Ik wil in winterslaap en niet meer moeten buitenkomen. Dit jaar is het nog verleidelijker om me in de allenigheid te wentelen dan andere jaren. Ik begrijp niet veel van fysica, maar wel dat een lichaam dat in rust is in rust wil blijven en dat een lichaam dat ligt te vegeteren in de zetel, wil blijven vegeteren. Hoe langer de eenzaamheid duurt, hoe moeilijker ze te verbreken.
Silver blessings …
Het sociaal contact dat ik kan krijgen, grijp ik met beide handen. Ik ben blij dat mijn vriendinnen me naar buiten sleuren, ook als het regent, en dat een avond wandelen, giechelen en schaterlachen me toch weer energie geeft om de volgende dag aan te kunnen. Ik ben blij met mijn wijs gekozen knuffelcontact en de zalige dagen die we al samen hebben doorgebracht. Silver blessings, count your linings … Of zoiets.

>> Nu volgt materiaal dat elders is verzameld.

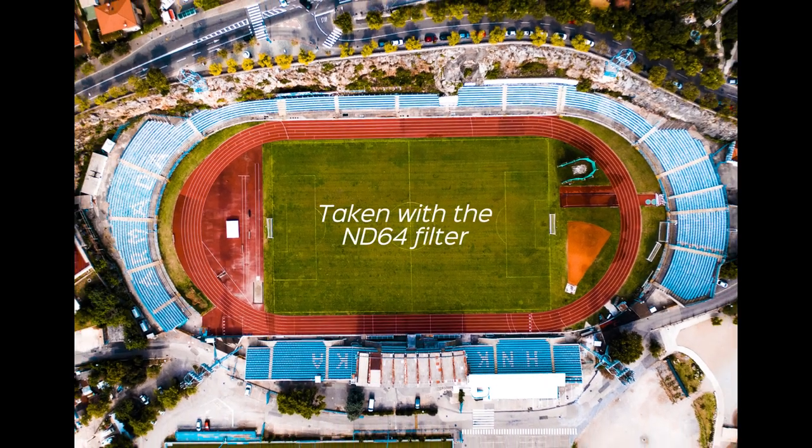I'll keep this review short and objective. There are only two things that interest me: do the filters work — do they correctly stop down the exposure — and how much do they degrade my image quality, if at all? To get it out of the way: yes, they're worth the money and they work like they're supposed to. The link to buy them is in the description.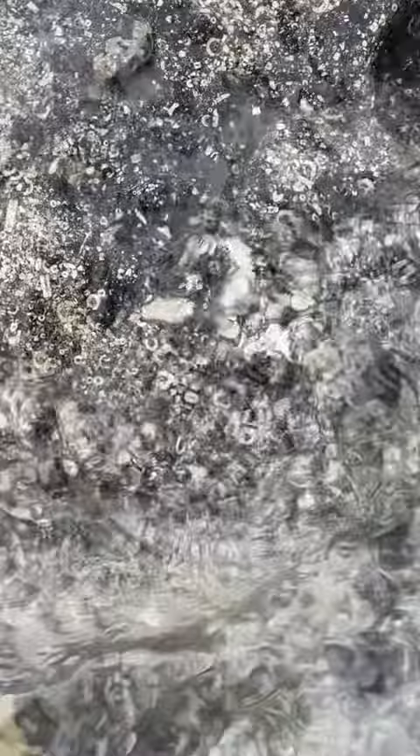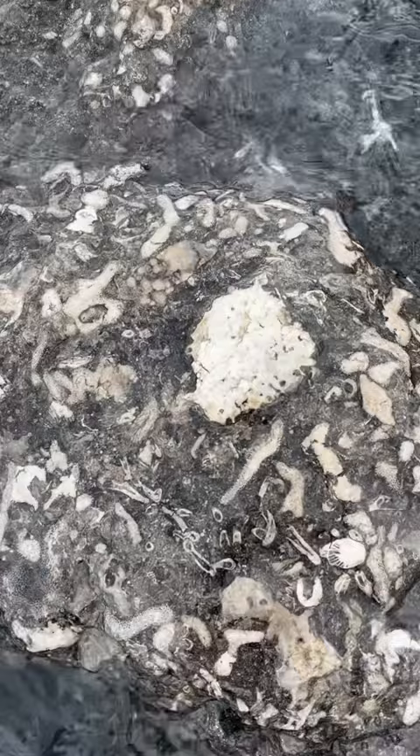This one's just packed. All that little stuff is mostly crinoid stems, looks like. Some corals, too. If you like fossils, this is a really cool place to come to.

2020 heeft me geleerd om de kleine dingen meer te appreciëren: speeltuinen die open zijn, een glas rode wijn op café, dat soort dingen. Ik dacht dat ik dat al geleerd had door de afgelopen jaren: het verliezen van mijn mama, mijn scheiding en het verliezen van een kerngezin … Maar die zaken zijn individueel, en je kan daar wel dingen uit leren, maar je moet ook gewoon blijven functioneren in een wereld die die wijsheid nog niet verworven heeft.

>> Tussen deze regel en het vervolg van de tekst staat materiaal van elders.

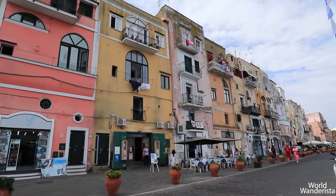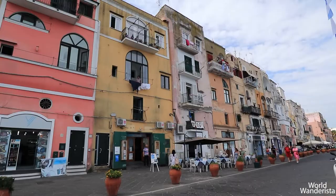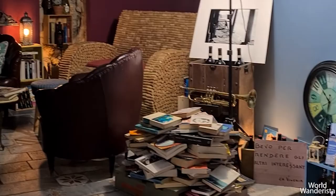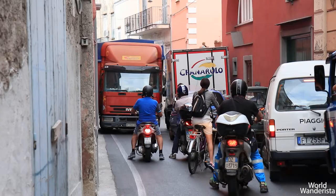Those who like to shop will find cute boutiques between Coricella and Procida's main harbor. One last thing I'd like to add is that traffic can be crazy in the narrow streets, so always walk on the left side of the road so you can see the oncoming traffic approach.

Moral fatigue en de dreiging van normaal
2020 is anders. We zijn allemaal collectief en mondiaal in rouw. We zijn allemaal collectief en mondiaal tot in elke vezel vermoeid. Op een podcast hoorde ik een uitstekende uitleg over moral fatigue. Dat pakweg een brood gaan kopen nu veel meer denkwerk vergt dan vroeger: heb ik mijn mondmasker bij, zijn mijn handen ontsmet, hoe lang zal de rij bij de bakker zijn … Wanneer we thuiskomen met ons brood zijn we uitgeput. Dat is normaal, dat hebben we allemaal. De gewone dingen zijn niet meer gewoon.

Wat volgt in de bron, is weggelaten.